3 areas you can spruce up with concrete work

Home and office improvements need to be done from time to time and concrete work is a practical, cost-effective solution.

 

  • The garage

It’s a place to park the car, and you mightn’t see it as much else. But the neglect builds up over time until all you’re left with is a space dotted with big oil stains and dust everywhere.

Homeowners honestly don’t think too much about their garage floor, but the final effect knocks people off their feet. Resurfacing and resealing the existing concrete floor, or even decorating it with an acid stain or paint chips, gives the room a whole new look. A white garage floor will reflect the natural sunlight and brighten the space considerably.

 

  • Your kitchen

Interested buyers and visitors judge homes by two rooms: the kitchen and the bathroom. The former is the heart of the home and the majority of people spend most time there.

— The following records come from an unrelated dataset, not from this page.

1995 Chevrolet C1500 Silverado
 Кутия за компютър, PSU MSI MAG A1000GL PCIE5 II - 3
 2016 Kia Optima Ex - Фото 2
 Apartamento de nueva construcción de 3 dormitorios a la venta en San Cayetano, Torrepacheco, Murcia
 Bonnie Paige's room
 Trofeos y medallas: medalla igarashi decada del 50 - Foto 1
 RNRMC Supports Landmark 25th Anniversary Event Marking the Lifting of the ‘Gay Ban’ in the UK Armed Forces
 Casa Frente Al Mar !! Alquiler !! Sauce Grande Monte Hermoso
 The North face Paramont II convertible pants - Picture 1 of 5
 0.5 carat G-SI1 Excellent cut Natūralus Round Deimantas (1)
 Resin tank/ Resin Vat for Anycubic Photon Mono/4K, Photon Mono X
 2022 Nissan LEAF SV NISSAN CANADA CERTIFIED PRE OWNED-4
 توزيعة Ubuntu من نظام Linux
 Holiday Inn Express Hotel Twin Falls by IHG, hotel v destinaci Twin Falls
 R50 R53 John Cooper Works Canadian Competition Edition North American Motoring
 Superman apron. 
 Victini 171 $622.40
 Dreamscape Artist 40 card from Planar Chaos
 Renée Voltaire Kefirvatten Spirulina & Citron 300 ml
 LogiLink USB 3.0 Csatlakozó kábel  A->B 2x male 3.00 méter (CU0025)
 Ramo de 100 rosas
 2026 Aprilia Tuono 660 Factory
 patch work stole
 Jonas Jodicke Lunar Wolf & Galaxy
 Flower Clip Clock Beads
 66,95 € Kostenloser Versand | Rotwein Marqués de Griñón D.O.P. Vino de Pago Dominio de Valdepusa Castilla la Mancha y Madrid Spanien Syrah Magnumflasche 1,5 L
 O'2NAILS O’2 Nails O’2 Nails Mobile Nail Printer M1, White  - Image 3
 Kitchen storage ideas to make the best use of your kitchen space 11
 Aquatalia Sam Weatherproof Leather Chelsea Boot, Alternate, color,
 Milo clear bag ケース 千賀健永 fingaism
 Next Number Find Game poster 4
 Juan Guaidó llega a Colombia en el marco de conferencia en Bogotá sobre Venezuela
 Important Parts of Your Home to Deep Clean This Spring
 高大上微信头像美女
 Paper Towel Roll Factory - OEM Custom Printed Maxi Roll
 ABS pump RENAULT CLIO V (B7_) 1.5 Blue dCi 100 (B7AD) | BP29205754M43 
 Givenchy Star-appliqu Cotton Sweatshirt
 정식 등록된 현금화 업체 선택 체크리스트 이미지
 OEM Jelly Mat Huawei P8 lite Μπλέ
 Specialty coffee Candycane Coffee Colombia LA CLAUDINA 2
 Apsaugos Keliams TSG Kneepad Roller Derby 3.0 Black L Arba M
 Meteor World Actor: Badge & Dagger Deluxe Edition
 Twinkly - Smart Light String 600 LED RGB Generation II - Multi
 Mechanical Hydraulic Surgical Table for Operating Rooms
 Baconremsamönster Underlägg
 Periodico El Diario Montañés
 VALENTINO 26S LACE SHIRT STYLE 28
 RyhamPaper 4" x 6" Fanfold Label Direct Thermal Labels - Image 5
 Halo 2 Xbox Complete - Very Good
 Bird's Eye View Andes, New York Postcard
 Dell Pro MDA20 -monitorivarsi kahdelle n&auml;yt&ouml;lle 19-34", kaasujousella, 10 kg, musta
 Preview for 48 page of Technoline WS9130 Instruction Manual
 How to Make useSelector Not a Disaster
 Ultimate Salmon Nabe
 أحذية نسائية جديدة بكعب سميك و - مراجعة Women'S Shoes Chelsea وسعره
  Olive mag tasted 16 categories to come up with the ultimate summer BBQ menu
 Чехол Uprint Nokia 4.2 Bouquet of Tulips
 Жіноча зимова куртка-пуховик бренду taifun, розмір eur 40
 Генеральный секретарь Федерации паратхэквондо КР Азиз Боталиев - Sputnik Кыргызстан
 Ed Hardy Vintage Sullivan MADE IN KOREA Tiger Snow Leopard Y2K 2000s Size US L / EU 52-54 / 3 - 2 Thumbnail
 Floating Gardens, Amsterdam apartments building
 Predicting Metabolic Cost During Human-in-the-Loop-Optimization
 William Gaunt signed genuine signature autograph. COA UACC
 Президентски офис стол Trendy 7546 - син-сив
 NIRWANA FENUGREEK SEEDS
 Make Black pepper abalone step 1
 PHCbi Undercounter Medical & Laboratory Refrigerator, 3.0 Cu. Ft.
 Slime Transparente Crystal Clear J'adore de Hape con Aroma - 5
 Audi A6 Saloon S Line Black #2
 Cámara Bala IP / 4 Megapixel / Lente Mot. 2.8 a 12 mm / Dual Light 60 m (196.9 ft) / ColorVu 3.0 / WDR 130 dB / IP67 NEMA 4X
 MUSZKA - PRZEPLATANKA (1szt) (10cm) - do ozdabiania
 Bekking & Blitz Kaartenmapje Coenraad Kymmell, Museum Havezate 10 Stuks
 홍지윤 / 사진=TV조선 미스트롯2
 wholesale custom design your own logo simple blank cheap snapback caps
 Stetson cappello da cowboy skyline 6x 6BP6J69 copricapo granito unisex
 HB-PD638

Polished concrete floors will modernise the area without much effort. You can even use a concrete slab as a kitchen bench. Staining it will give it a ‘marble’ effect, or you can go for an exposed aggregate finish.

To put up with general wear and tear like spills, the floor is cured and sealed before anyone’s allowed to walk on it. That way any stains can easily get cleaned.

 

  • Home exterior

Concrete work like paving and pathways gives your home ‘curb appeal’, as the real estate people say.  The work you do will last for decades and boost the resale value when the time comes. Do a stencilled path or driveway in a unique pattern. You can also ‘define’ the exterior garden beds with a concrete boarder, giving the yard a sense of order.

Applying some finishes in these areas will brighten their appearance without too much effort. The options are endless, and luckily for customers, concrete work doesn’t cost the earth. Differents areas will need different treatment, like sealing and such, but your contractor will know what to do.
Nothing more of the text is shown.